Introduction to Big Data Processing (TIETA17)

Posted on

About the 2018 edition of the course

The next course will start in October 2018 (period II).

These are general information pages about the course. The active course pages of the 2018 course will be hosted on the WETO-server (note: the pages will become available once the course begins). You may login to WETO using your basic university account.

General course information

TIETA17 Introduction to Big Data Processing is a 5 ECTS course that aims to provide the participating students with:

  • A high-level general introduction to the concepts of “Big Data” and “data analysis”.
  • Practical experience with some commonly used tools and techniques for (big) data processing.
    • Relevant Python libraries/tools for data processing, analysis and visualization (especially from the SciPy-ecosystem, such as numpy, pandas, matplotlib, scikit-learn, etc.).
    • Two commonly used distributed computing frameworks: Apache Hadoop and Apache Spark.
    • Two commonly used distributed data storage systems: Hadoop Distributed File System (HDFS) and Apache Hbase distributed database. If time permits, also MongoDB will be introduced.

Recommended prior knowledge

The course will require satisfactory programming skills in Python. If you have no prior Python programming experience, it is highly recommended that you first take the course TIETA19 Practical programming in Python (held in period I).

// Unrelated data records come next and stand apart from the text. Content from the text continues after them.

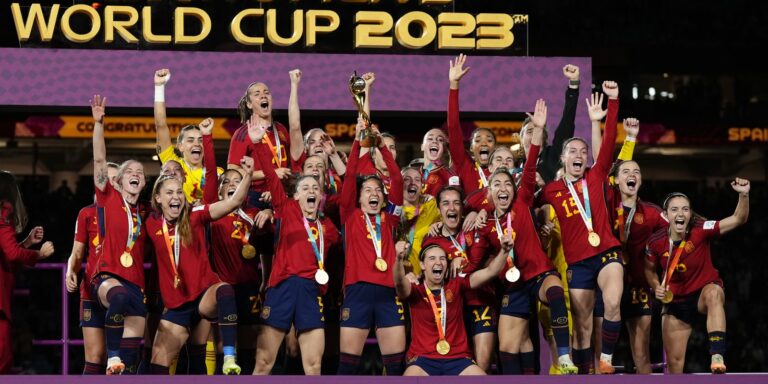 Finalista da Copa masculina, Espanha pode "unificar" títulos mundiais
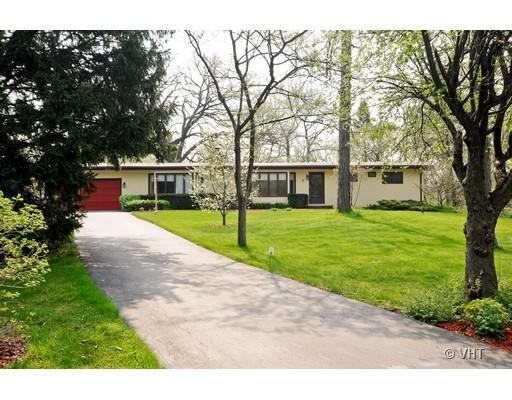 6 Victoria Ln., Hawthorn Woods, IL 60047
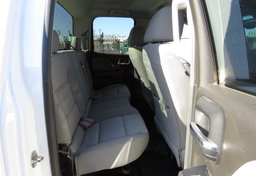 2017 Chevrolet Silverado 2500HD - Image 31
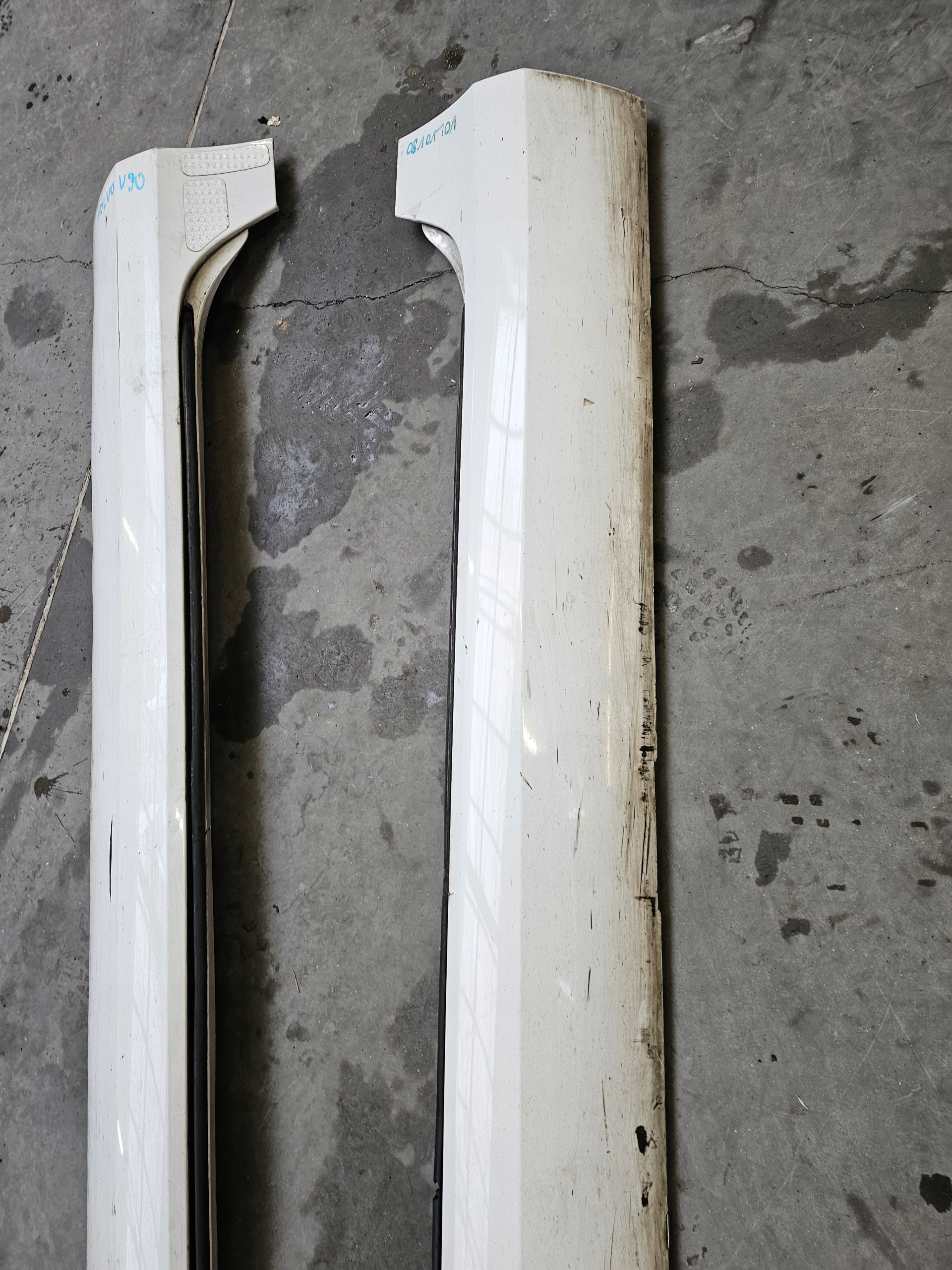 VOLVO S90 II V90 moulding cap threshold right left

Additional recommended, although not strictly required, background courses:

Course structure

The main elements of the course are (1) weekly lectures, (2) self-study and (3) exercise work. These are described below.

  1. Lectures
    • The lectures will provide a high-level overview on the covered topics, some practical examples and demos as well as general information about the course itself.
  2. Self-study
    • A lot of the finer details of Python libraries, Apache Hadoop and Apache Spark will be studied in an independent manner.
  3. Exercise work
    • The students will do practical (programming) exercises using Python (including MapReduce and Spark programs).
    • The exercises are peer-reviewed: students must review solutions submitted by other students (in an anonymous manner).
    • Exercises will also be discussed/reviewed during the lectures; there are no dedicated “exercise sessions”.

Passing the course

Course participants need to complete most of the practical exercises and pass the final exam. More details about the passing and grading criteria will be described during the course.